This was a vision of community forestry, motivated at least in part by a recognition that many local communities depend on national forest resources. Pinchot failed, however, to reconcile the incongruence between European-style forestry and his populist commitment to management by and for "the people". The conceptual assumptions and institutional models of European-style forestry were ill-adapted for encouraging participation or for responding to community needs. Modelled directly after the management of forest estates in Europe, the Forest Service's mission was to manage national forests - emphasizing the application of silviculture and other technical strategies aimed at the production of timber and other commodities - over which it had exclusive authority. The Forest Service did not establish mechanisms for public participation in national forest decision-making or for sharing decision-making with local communities and forest users. While policy encouraged the consideration of the interests of local people and local communities, managers of federal forest lands had no specific responsibilities or obligations to local communities, and local people did not share in decision-making for national forests. The Forest Service retained all formal decision-making authority in a model that might be termed benevolent technocracy.

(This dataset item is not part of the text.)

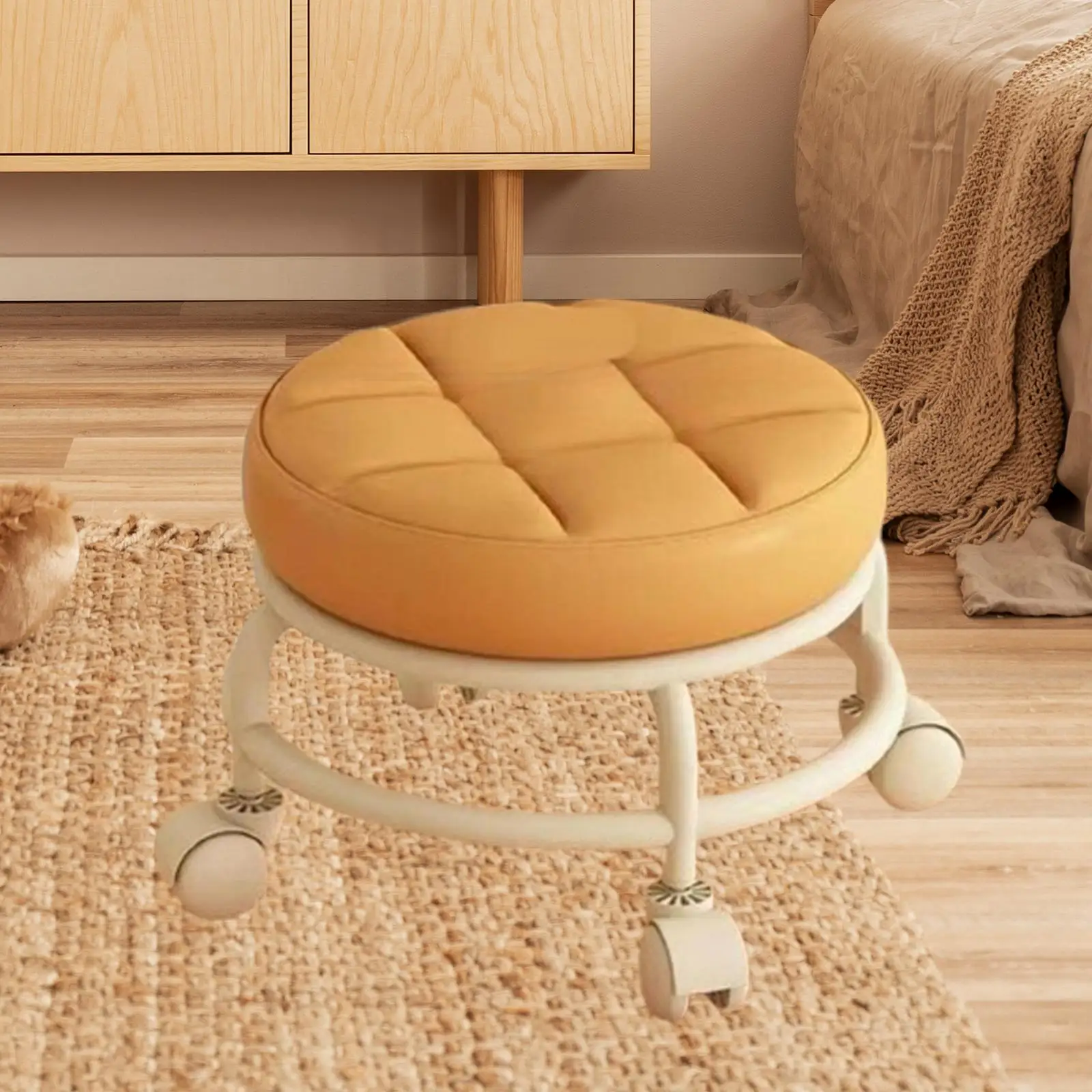 Low Rolling Stool Roller Seat Adults Child Round Foot Rest Low Height with Wheel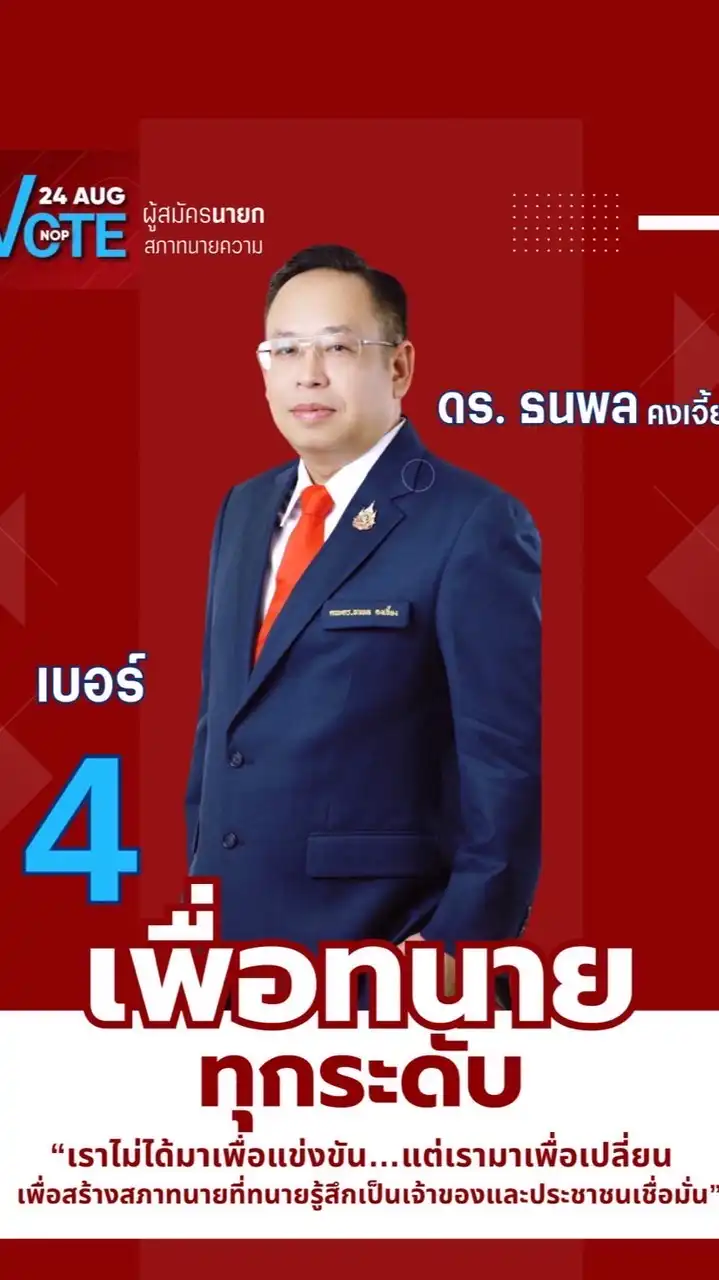 สนับสนุนคณะ ดร.นพ ธนพล คงเจี้ยง ผู้สมัครนายกฯ เบอร์4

COMMUNITY STABILITY AND SUSTAINED YIELD

In 1908, a Forest Service investigation of the impact of "cut-out-and-get-out" logging on rural communities concluded that public ownership and sustained yield management were necessary to support community stability (Dana, 1918). Guided by a vision of many small sawmills scattered through the public forests supporting small communities (Clary, 1986), the Forest Service interpreted its role in promoting community stability as an obligation to provide local sawmills with many short-term, small-volume timber sales on a sustained yield basis. In Europe, the concept of sustained yield meant setting timber harvest equal to timber growth; it prevented overharvesting and achieved a stable timber flow from European forests that had long been under regulated cutting. A stable timber flow created, in turn, economic stability for forest-based communities, which in Europe were often independent political units with virtually no regional commercial trade (Waggener, 1977). The Forest Service believed that achieving sustained yield was the means to protect the forest resource and to provide community stability for forest-dependent communities, and adopted sustained yield as a major objective of national forest management.

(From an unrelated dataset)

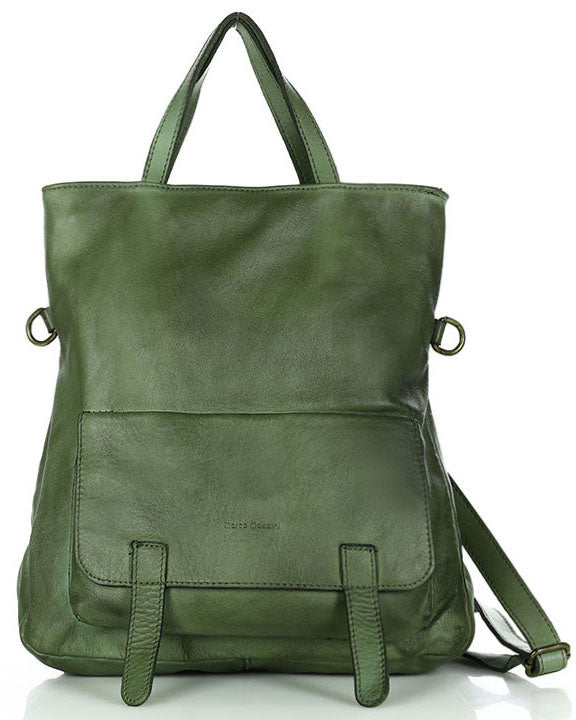 Carraca. Skórzana torba na ramię tote plecak w jednym zielony
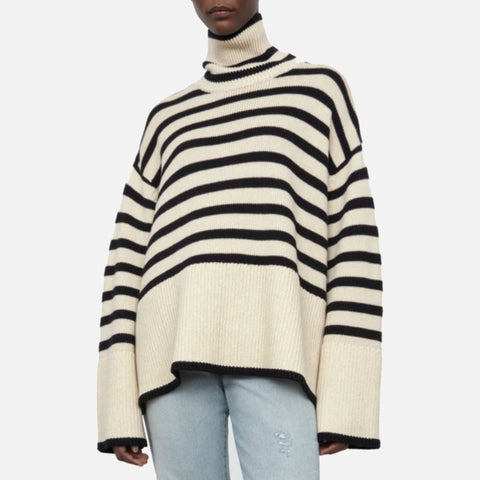 Signature Stripe Turtleneck Light Sand Stripe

Many national forests were dominated by old growth (trees older than maturity in a managed rotation), for which the application of the European definition of sustained yield would not efficiently establish a regulated condition and stable timber flow. By the early 1920s, the agency redefined sustained yield to allow annual harvests to equal annual growth plus an orderly liquidation of old growth (Parry, Vaux and Dennis, 1983). As a result, the Forest Service shifted from short-term, small-volume sales - which favoured small sawmills and provided a stable flow of timber - to long-term, large-volume sales - which favoured larger sawmills and allowed for greater fluctuations in timber flows. While the goal of sustained yield continued to guide national forest management, its ap-plication for achieving forest regulation overshadowed that for providing com-munity stability.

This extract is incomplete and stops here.